Brief descriptive captions
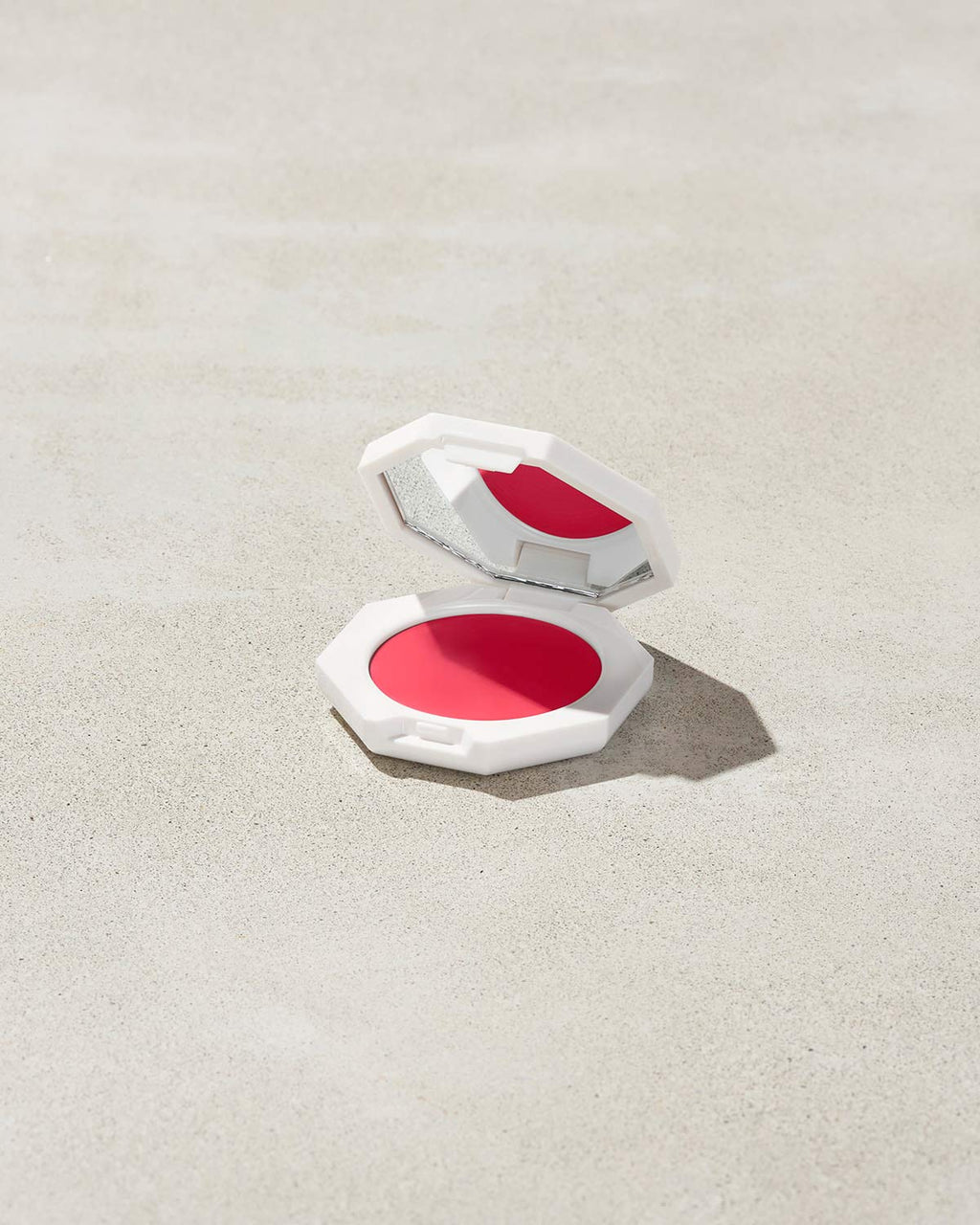 Fenty Beauty Cheeks Out Freestyle Cream Blush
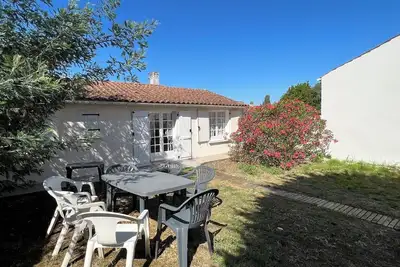 Image de Charmante maison avec jardin, Ă 10 min de la plage, parfaite pour couples ou petites familles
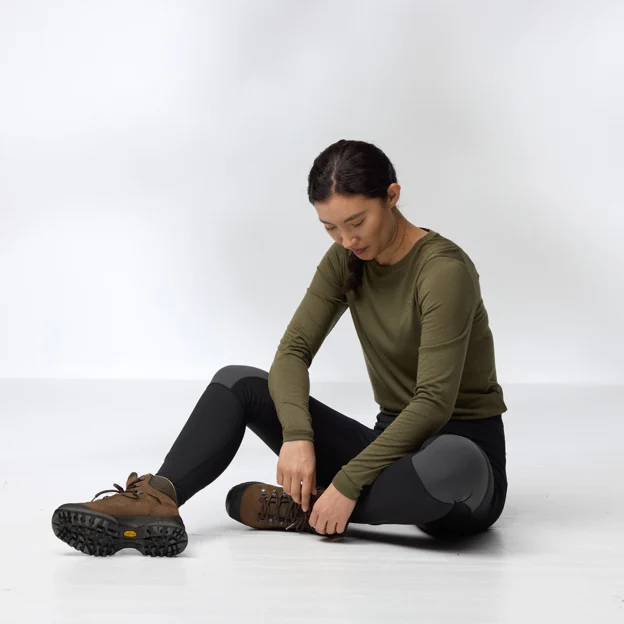 Fjällräven Abisko Värm Trekking Tights W Women’s Trekking tights Model Angle M 86116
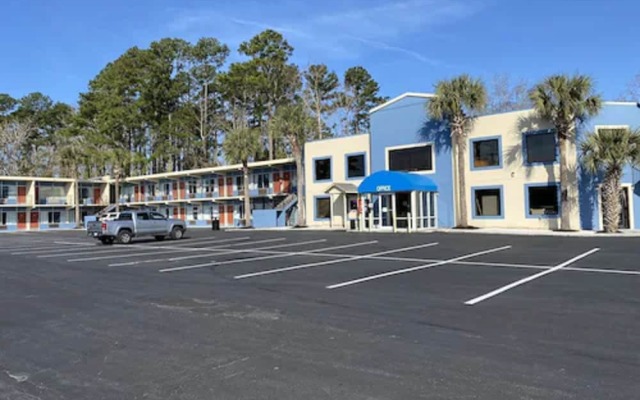 Havelock Inn & Suites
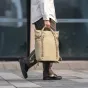 PGYTECH OneGo Roamer Tote Backpack 25L (Sand Khaki) - divu veidu nēsāšanas dizains ar elastīgiem nodalījumiem fotopiederumiem un ikdienas lietām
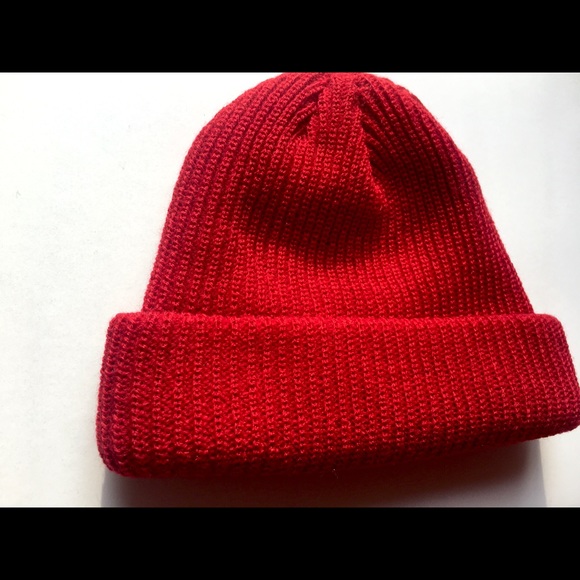 Maroon Cap Beanie - Unisex - Picture 3 of 3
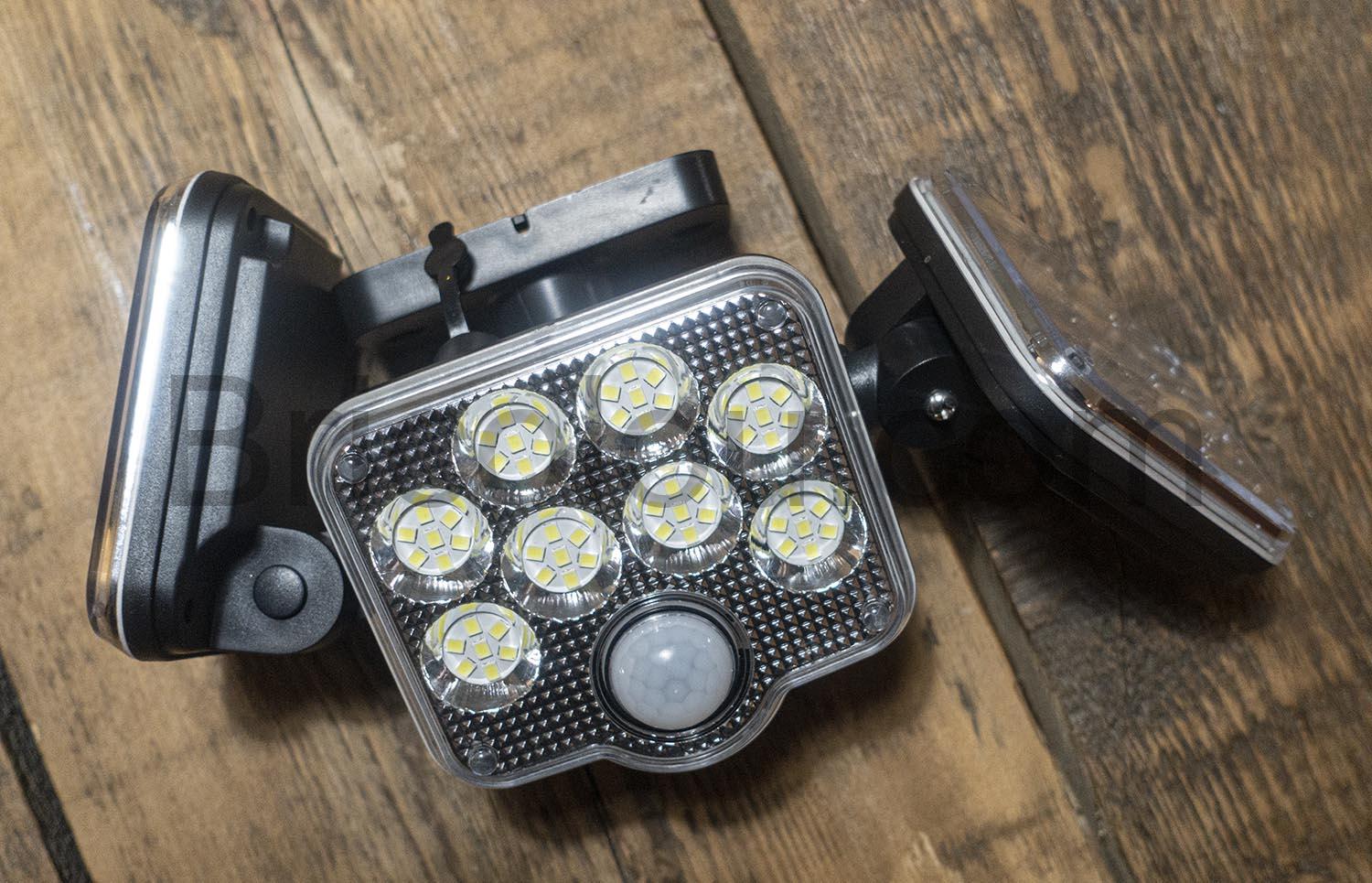 Lumiere exterieure lampes 138 LED orientable detecteur mouvement panneau solaire Lumière extérieure lampes 138 LED orientable détecteur mouvement panneau solaire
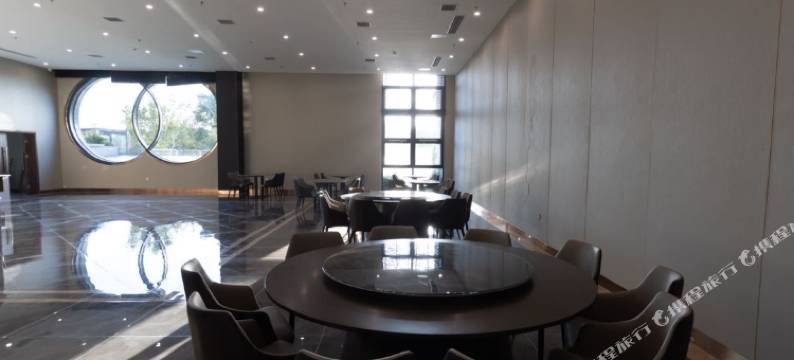 青岛胶州富华豪生酒店(胶东机场少海国家湿地公园店)图片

## What you will do
Exact text is required for the lines from the one with "Image de Charmante" through the last line of the entries, both included. Omit pictures.

## Response to this task
 Image de Charmante maison avec jardin, Ă 10 min de la plage, parfaite pour couples ou petites familles
 Fjällräven Abisko Värm Trekking Tights W Women’s Trekking tights Model Angle M 86116
 Havelock Inn & Suites
 PGYTECH OneGo Roamer Tote Backpack 25L (Sand Khaki) - divu veidu nēsāšanas dizains ar elastīgiem nodalījumiem fotopiederumiem un ikdienas lietām
 Maroon Cap Beanie - Unisex - Picture 3 of 3
 Lumiere exterieure lampes 138 LED orientable detecteur mouvement panneau solaire Lumière extérieure lampes 138 LED orientable détecteur mouvement panneau solaire
 青岛胶州富华豪生酒店(胶东机场少海国家湿地公园店)图片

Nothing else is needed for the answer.